Earth Screen Saver for Windows

by John Walker
WWW Home page: http://www.fourmilab.ch/

The Earth screen saver displays an image of the Earth as currently illuminated by the Sun, from a variety of viewpoints. You can view the Earth from the Sun (day side), the night side, from the Moon, or from an arbitrary altitude above any point on the globe specified by latitude and longitude. Day and night regions of the globe are shown based on the current date and time. The image of the Earth shifts location on the screen every 10 minutes to avoid burning in the phosphor in one location.

The Earth Screen Saver is available exclusively for 32-bit Windows systems such as Windows 95 and Windows NT.

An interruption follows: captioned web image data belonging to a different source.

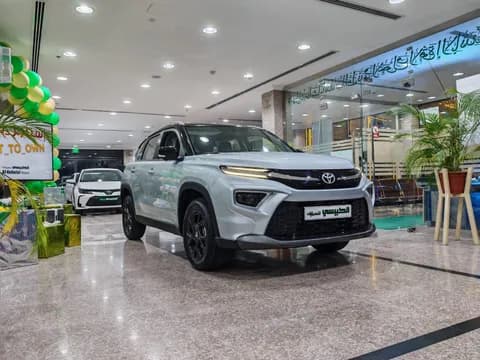 New Toyota Urban Cruiser 1.5L GLX 2025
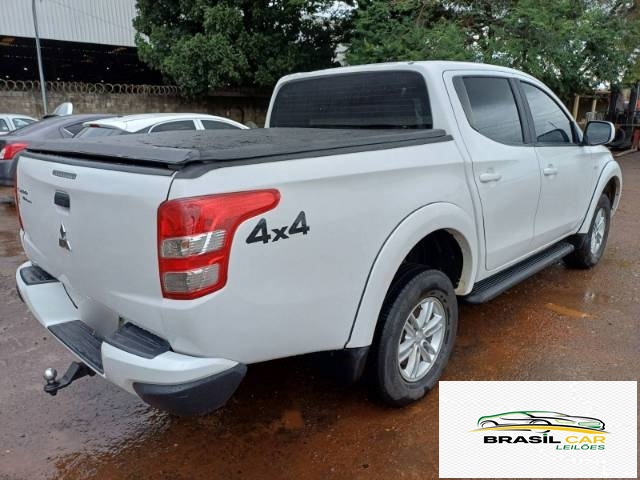 L200 TRITON SPORT GL 2.4 16V MIVEC TURBO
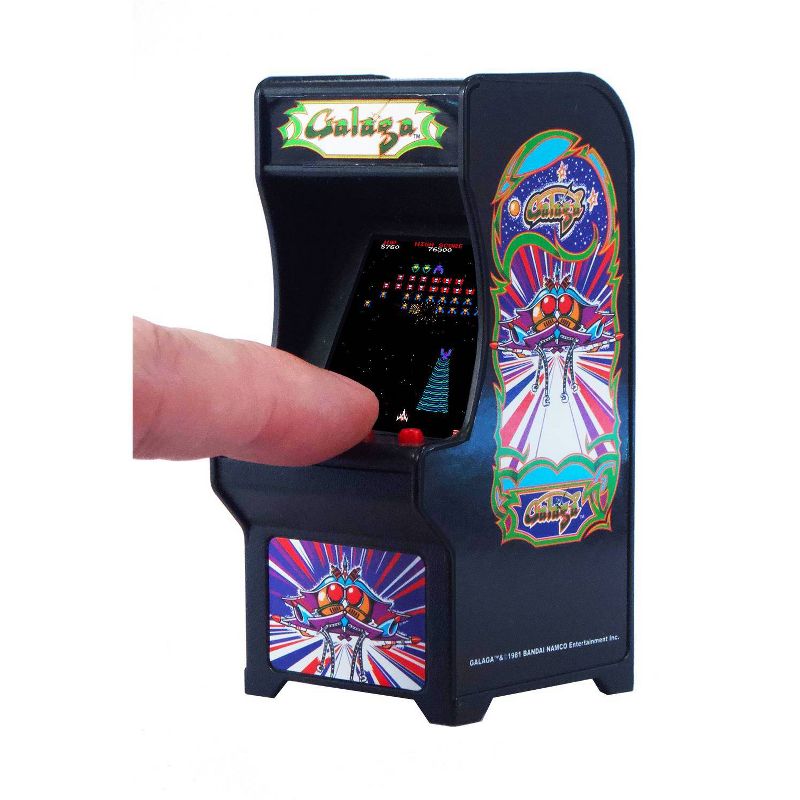 World's Smallest Tiny Arcades Galaga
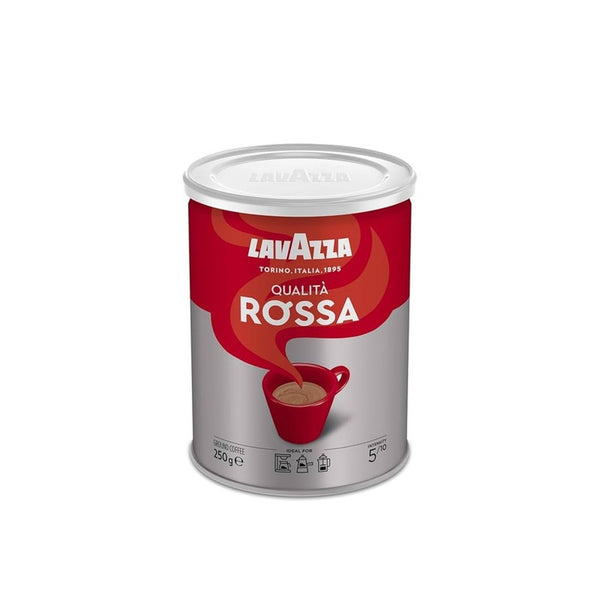Lavazza Qualita Rossa Coffee 250g (highest price)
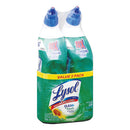 LYSOL® Brand wholesale. Lysol Clean And Fresh Toilet Bowl Cleaner Cling Gel, Country Scent, 24 Oz, 2-pack. HSD Wholesale: Janitorial Supplies, Breakroom Supplies, Office Supplies.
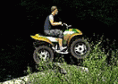 Jungle ATV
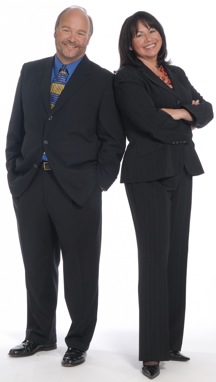 Georganne Bender & Rich Kizer Speaker from Speak Inc. Speakers Bureau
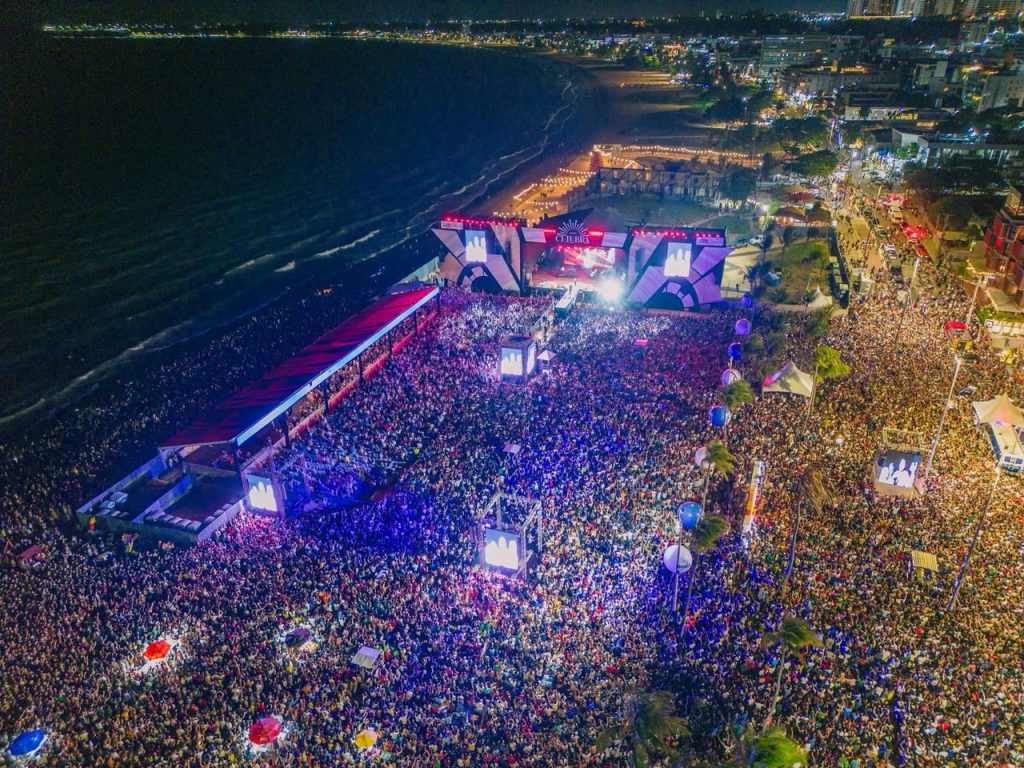 Ação integrada da Prefeitura contribui para o sucesso do Celebra João Pessoa, evento para mais de 500 mil fiéis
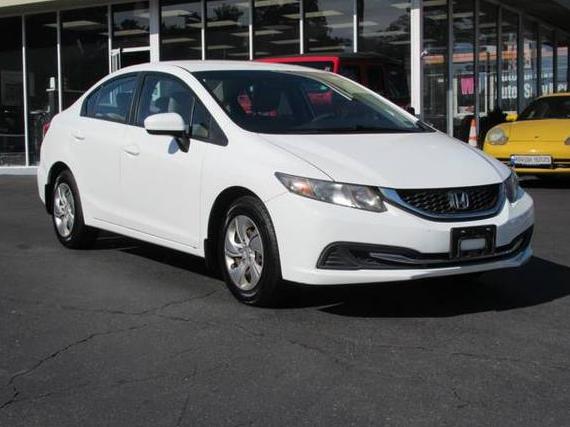 HONDA CIVIC 2014 2HGFB2F53EH552342 image HONDA CIVIC 2014 2HGFB2F53EH552342 image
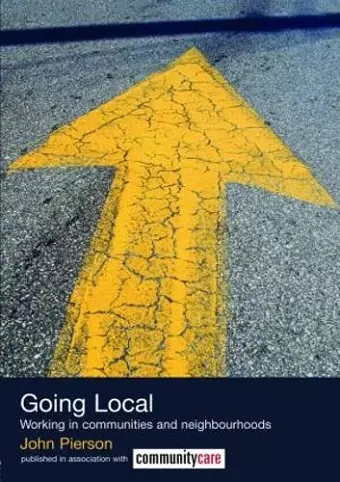 Going Local cover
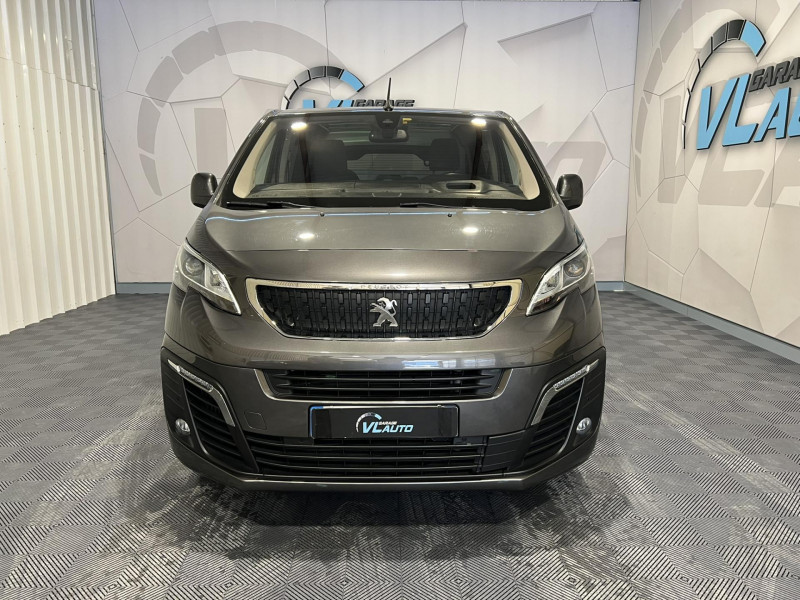 Photo 2 de l'offre de PEUGEOT TRAVELLER Long BlueHDi 180ch S&S EAT8 Allure à 28490€ chez VL Auto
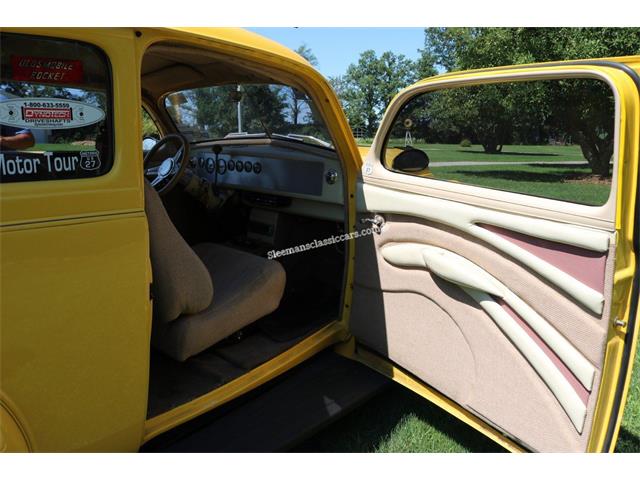 1937 Oldsmobile Sedan (CC-2088821) for sale in Howell, Michigan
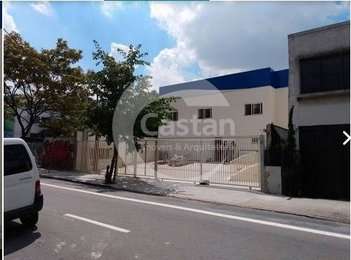 industrial em Rua Clímaco Barbosa, Cambuci - São Paulo - SP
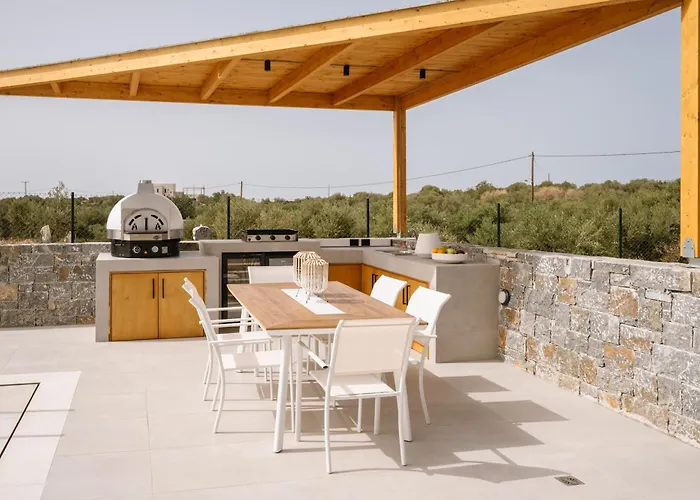 فيلة Evi & Eugenia - 3bd Luxury By Temma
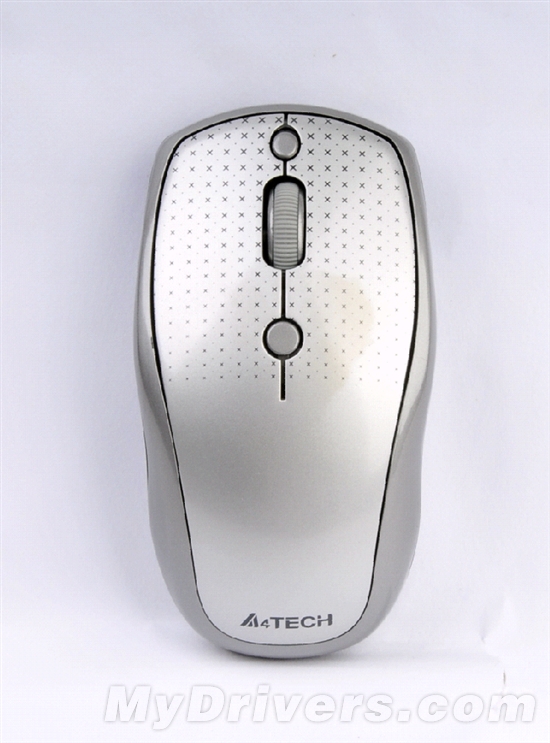 万众期待 A4TECH无孔鼠G11-530FX市售148元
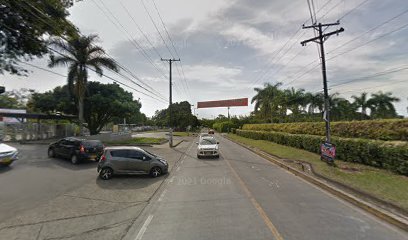 Biblioteca Universidad San Buenaventura, Cali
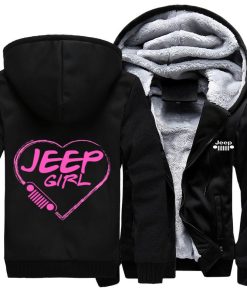 Jeep Girl Heart V1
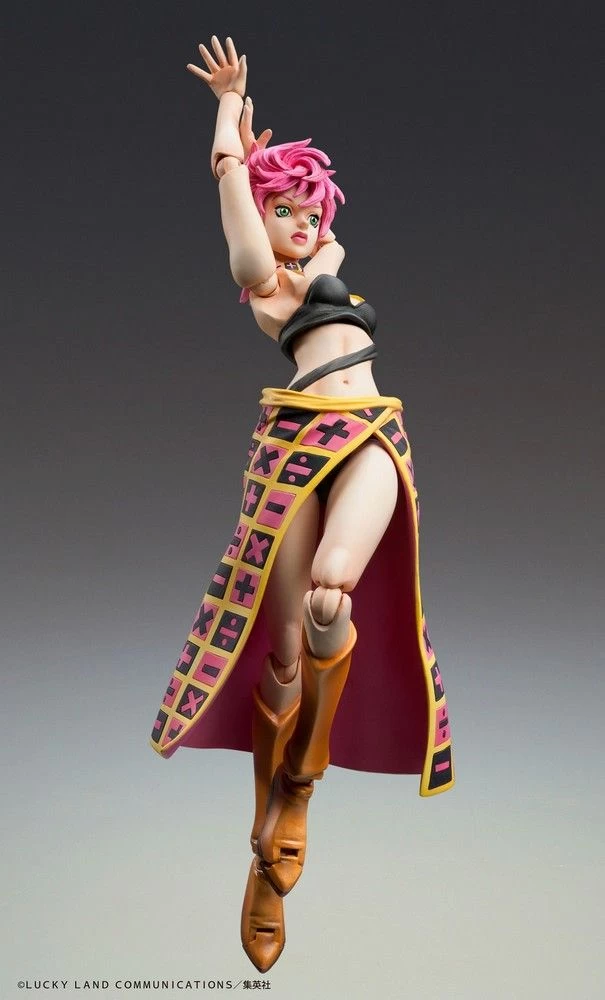 Super Action Statue Trish Una 6 Super Action Statue Trish Una - Image 4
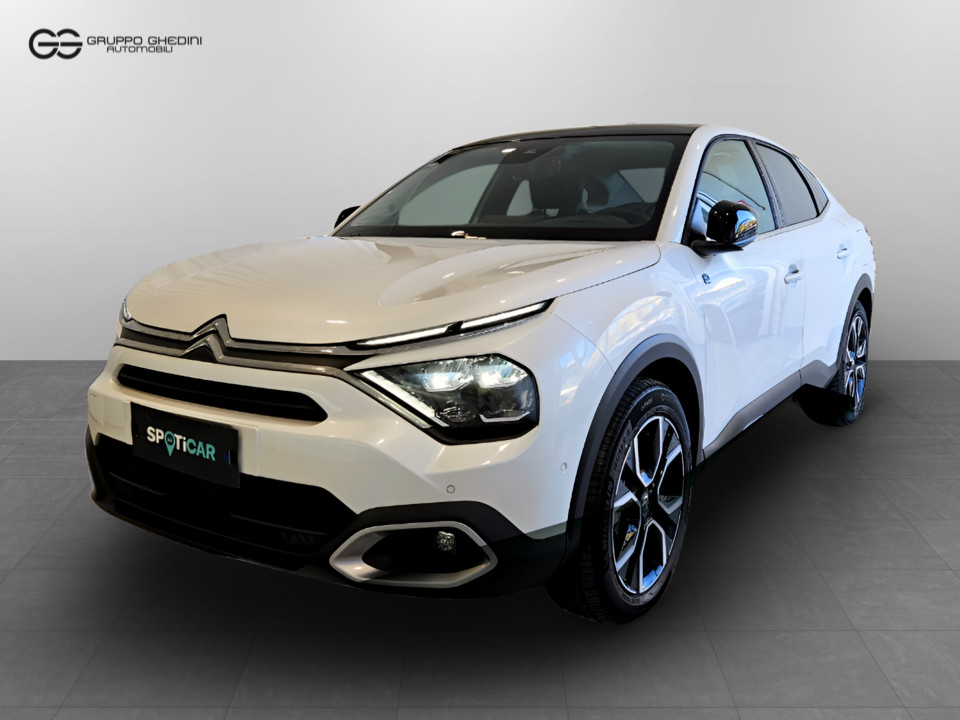 CITROEN Nuova e-C4 X Elettrica 100kw (136cv) – Shine Elettrico Aziendale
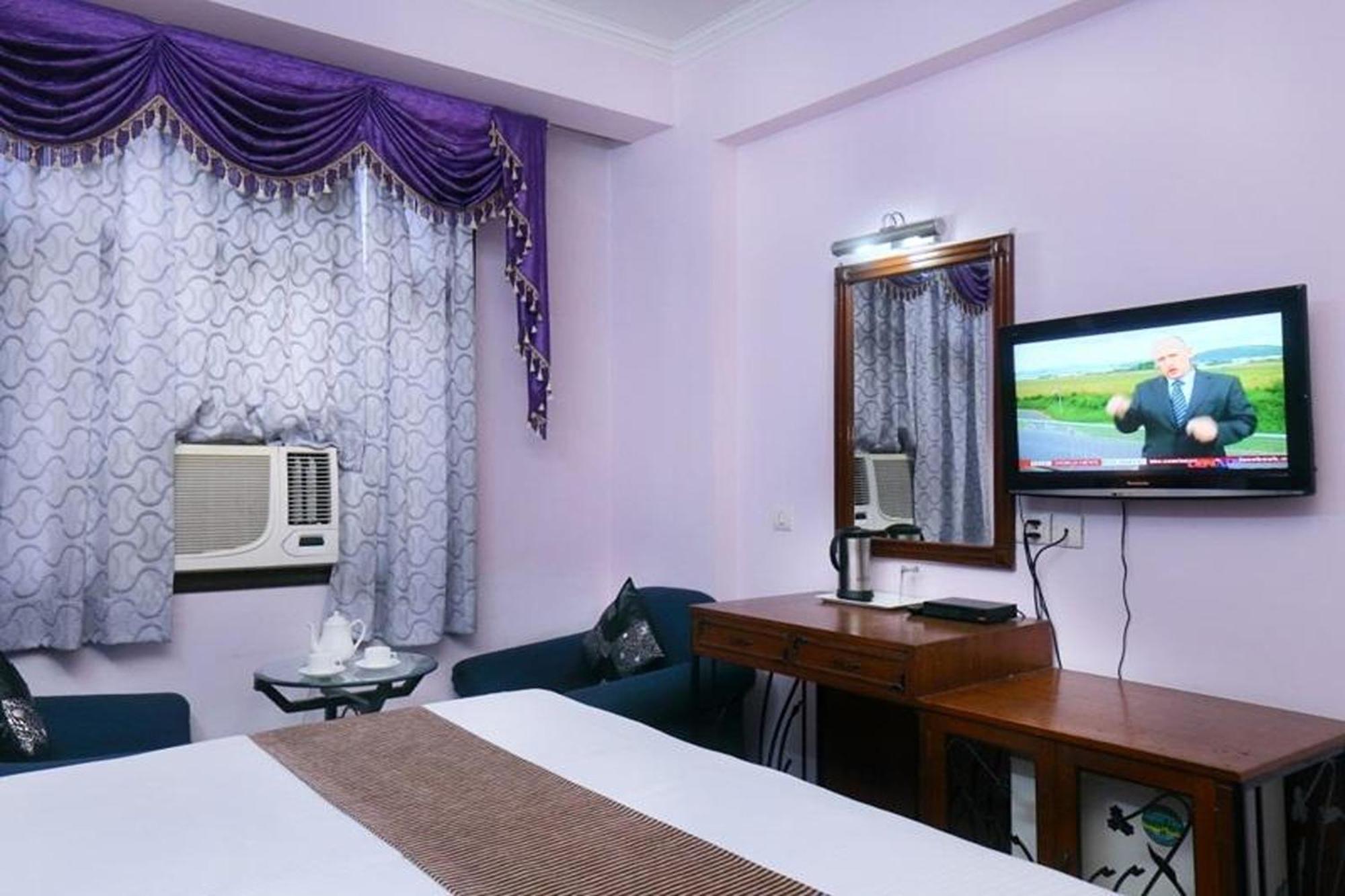 Hotel Indraprastha Delhi (National Capital Territory of India) Exterior foto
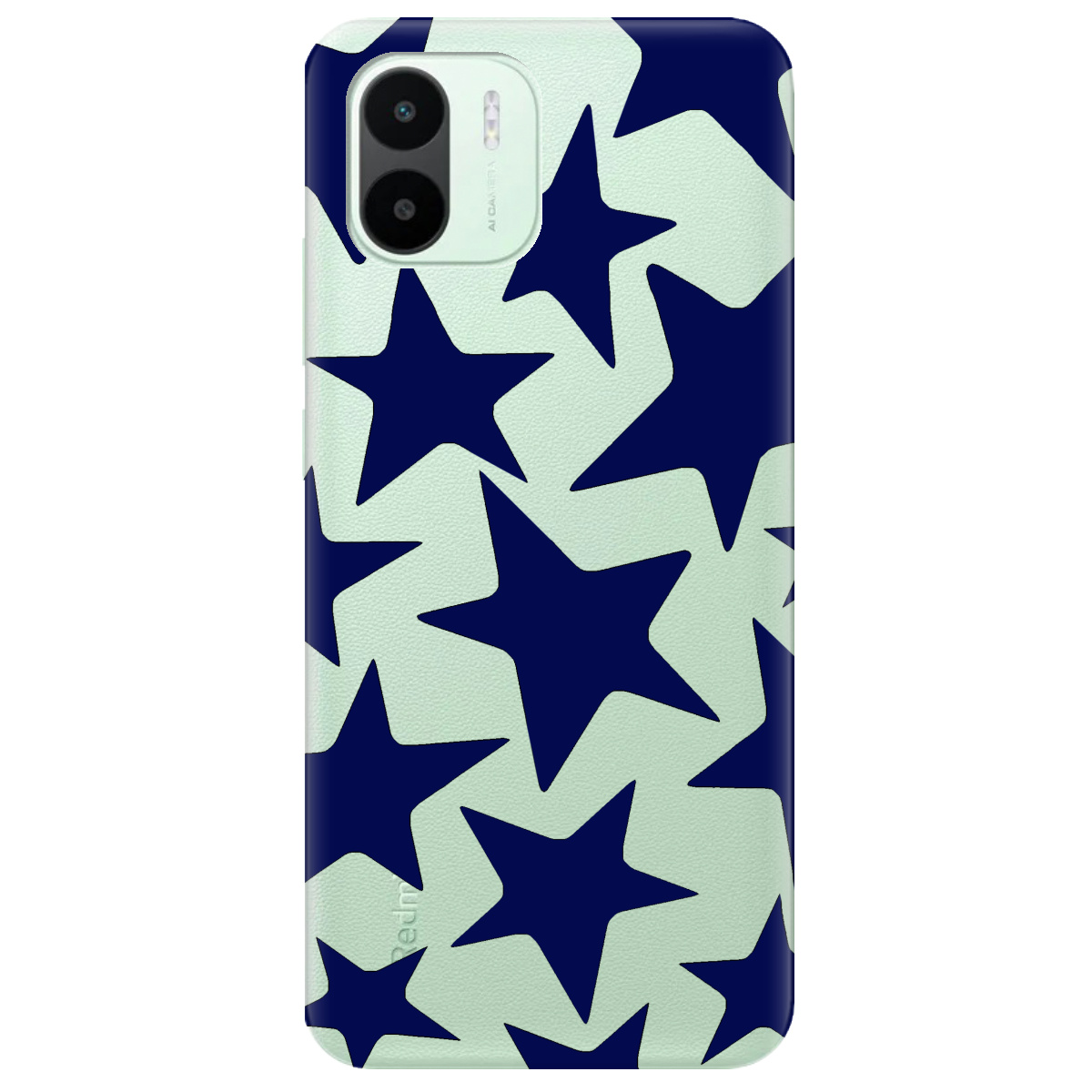Чохол для Xiaomi Redmi A1 Blue Star - фото 1 - Чохли для телефонів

The Earth Screen Saver is in the public domain. You can do anything you like with it. The images are generated based on a global topographic map developed by the Marine Geology and Geophysics Division of the National Geophysical Data Center operated by the United States Department of Commerce, National Oceanic and Atmospheric Administration.

Downloading and Installation

After you've downloaded the program archive, extract the files in it with PKUNZIP or a compatible archive extract program, and follow the instructions in the included README.TXT file to install, configure, and activate the screen saver on your system.

Home Planet

The Earth Screen Saver was developed based on Home Planet, a comprehensive Earth and sky simulator for Windows which displays the Earth, tracks satellites, asteroids, and comets, includes an extensible multimedia object catalogue, a simulated telescope for viewing the sky at any magnification or location, a database of more than a quarter million stars, and a complete hypertext help file and introduction to astronomy linked to the components of the program. Displays include the illuminated portion of the Earth, the Sky, the Telescope, the Earth as viewed from a satellite, the Moon, or the Sun, an orrery, panels displaying current information about the Moon and planets, and more. Real-time astronomical information can be exported to other applications via DDE. There's even a cuckoo clock (you can turn it off).

Related software on this site

Web resources:
Earth Viewer.
Solar System Live: interactive orrery.
Terranova: a new terraformed planet every day.

For Windows:
Home Planet,
Moontool,
an Excel catalogue of the Palomar Observatory Sky Survey, and
Craters screen saver,
Sky screen saver,
Slide Show screen saver,
Bullets screen saver,
Millennium screen saver.

For Unix (X/OpenWindows):
Moontool and Xsunclock.

Source Code

Experienced C programmers who wish to modify the screen saver or simply look under the hood to see how it works may download the source code. You're welcome to use this source code in any way you like, but absolutely no support is provided for it--you're on your own.